▶ **Dataset records**
- - -

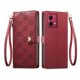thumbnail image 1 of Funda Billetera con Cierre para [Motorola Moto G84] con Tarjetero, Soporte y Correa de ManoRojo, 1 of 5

- - -

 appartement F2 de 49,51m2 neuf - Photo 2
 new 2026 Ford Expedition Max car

- - -

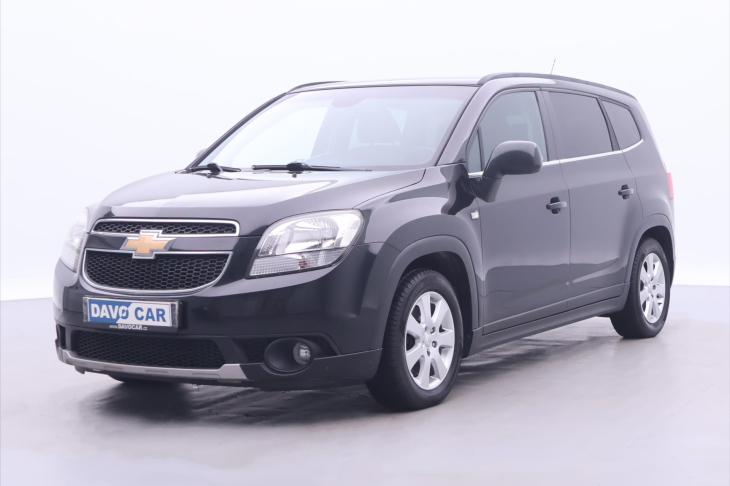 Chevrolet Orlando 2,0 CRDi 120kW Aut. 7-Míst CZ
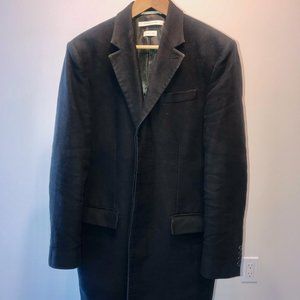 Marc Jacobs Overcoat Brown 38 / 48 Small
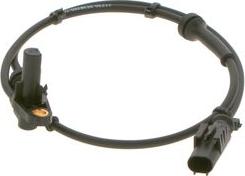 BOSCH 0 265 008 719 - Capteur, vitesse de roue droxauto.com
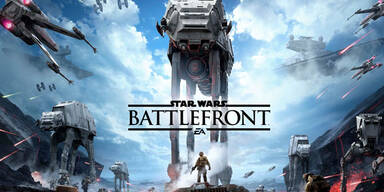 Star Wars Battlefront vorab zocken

- - -

▶ **What you have to do**
Beginning with the line that contains "Chevrolet Orlando 2,0", write out the lines of the material above exactly, and end with the line that contains "Star Wars Battlefront vorab zocken". Omit the pictures.

▶ **Expected answer**
 Chevrolet Orlando 2,0 CRDi 120kW Aut. 7-Míst CZ
 Marc Jacobs Overcoat Brown 38 / 48 Small
 BOSCH 0 265 008 719 - Capteur, vitesse de roue droxauto.com
 Star Wars Battlefront vorab zocken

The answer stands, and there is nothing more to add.